Focolare Movement

Bangui: beyond fear

Mar 6, 2014

In the capital of the Central African Republic assailed by armed conflicts two teens of the Focolare experience that evangelical love drives away fear and makes peace blossom amidst the ruins.

It is two o’clock in the morning on the 5th of December, 2013. The inhabitants of Bangui, capital of the Central African Republic, are awoken by the detonation of heavy weapons. In the streets, there is an immediate general stampede in the hopes of saving oneself and one’s loved ones.
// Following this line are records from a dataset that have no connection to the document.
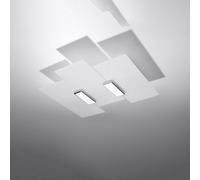 Sollux Lighting Fabiano Glass & Steel Grey 2 Light Classic Ceiling Light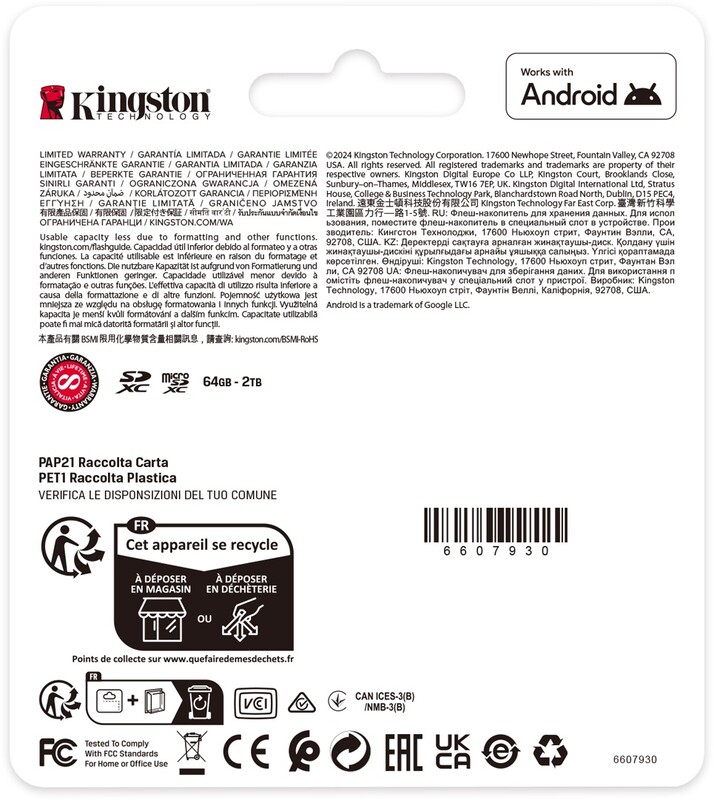 Карта пам`яті MicroSDXC 128GB UHS-I Class 10 Kingston Canvas Select Plus R150MB/s (SDCS3/128GBSP)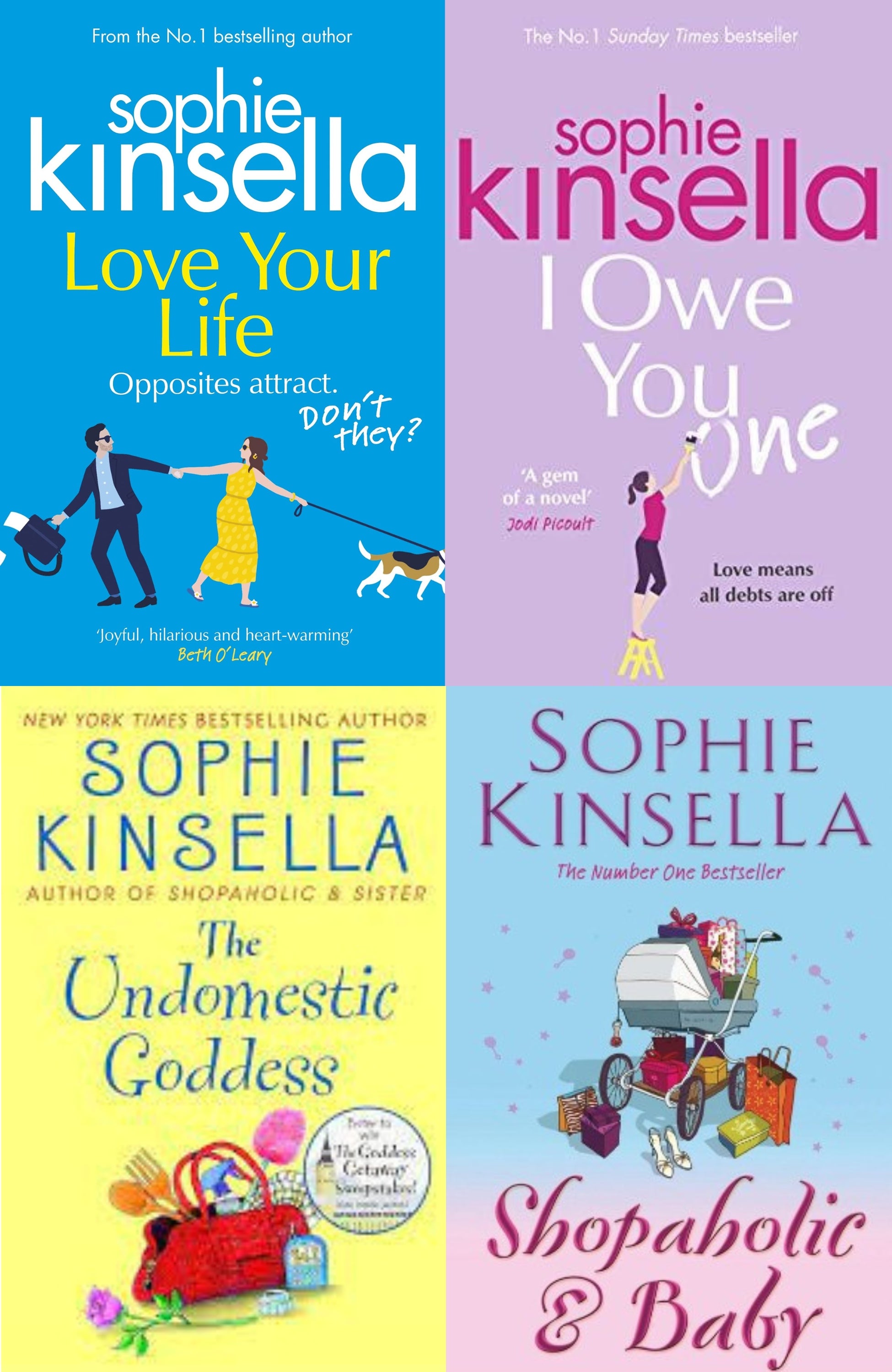 Sophie Kinsella Bestseller Book Combo ( The Undomestic Goddess, I Owe You One, Love Your Life, Shopaholic and Baby )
Ejovie and Amandine are two Gen3 (teens of the Focolare Movement who commit themselves to living the ideal of unity). They share about the confusion and bewilderment of those hours and in the days that followed, but also of the decision not to give in to fear inspite of their tender age.
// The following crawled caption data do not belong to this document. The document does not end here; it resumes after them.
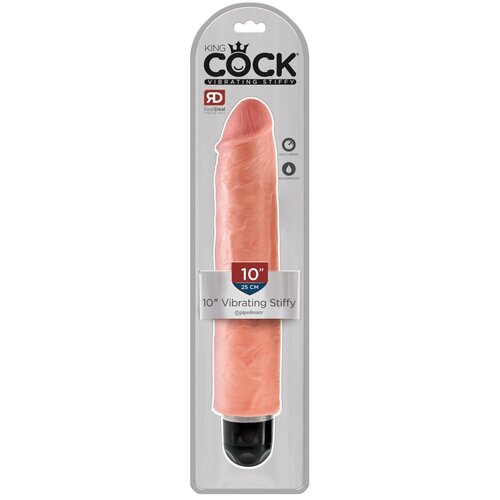 King Cock 10 Stiffy - vodoodporen, realističen vibrator (25 cm) - naravni Cene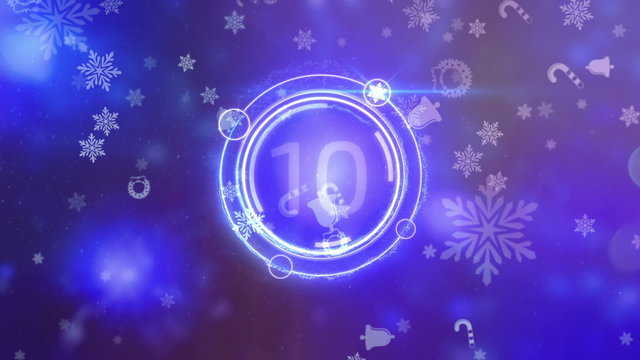 New Year Countdown with falling snowflakes and icons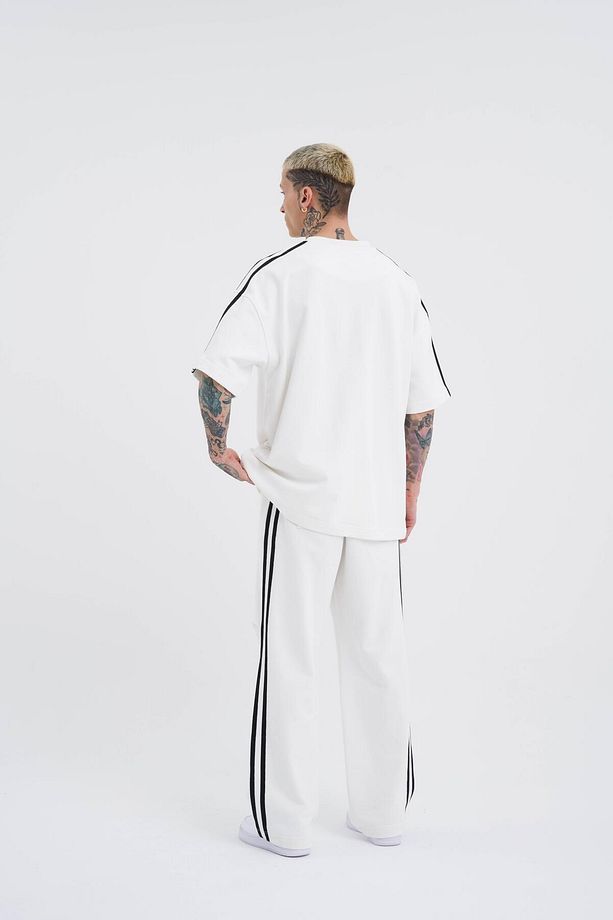 Erkek Striped Sleeves Basic Oversize Ekru Takım - 4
“With the family we started to run towards the Major Seminary – Ejovie wrote – together with all those who were escaping in the same direction. In the crowd I saw a mother with her baby strapped to her back, her luggage on her head, and other small children; one of them coudn’t run and was crying, and even the mother was walking slowly because she was sick. No one was stopping to help them. A voice stopped me from going ahead. I took the small boy by the hand even if I was a bit worried because I had lost sight of my own family members”.

Ejovie’s actions didn’t go unnoticed: in fact other two youth stopped to help the woman and her small children to reach a religious institute where they found hospitality. Knowing that they were safe, Ejovie finally walked towards the Seminary where she was able to embrace her family.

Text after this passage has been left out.